Data to process:
----------------------------------------

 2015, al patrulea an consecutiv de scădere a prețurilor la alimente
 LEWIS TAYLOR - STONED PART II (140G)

----------------------------------------

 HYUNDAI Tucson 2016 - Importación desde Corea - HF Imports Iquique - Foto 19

----------------------------------------

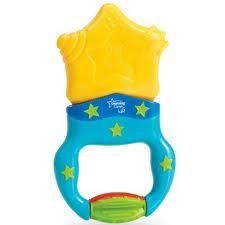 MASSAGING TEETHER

----------------------------------------

How to complete this task:
Reproduce exactly, and with no other material, the lines between those holding "2015, al patrulea" and "LEWIS TAYLOR - STONED PART II (140G)", inclusive.

Finished task:
 2015, al patrulea an consecutiv de scădere a prețurilor la alimente
 LEWIS TAYLOR - STONED PART II (140G)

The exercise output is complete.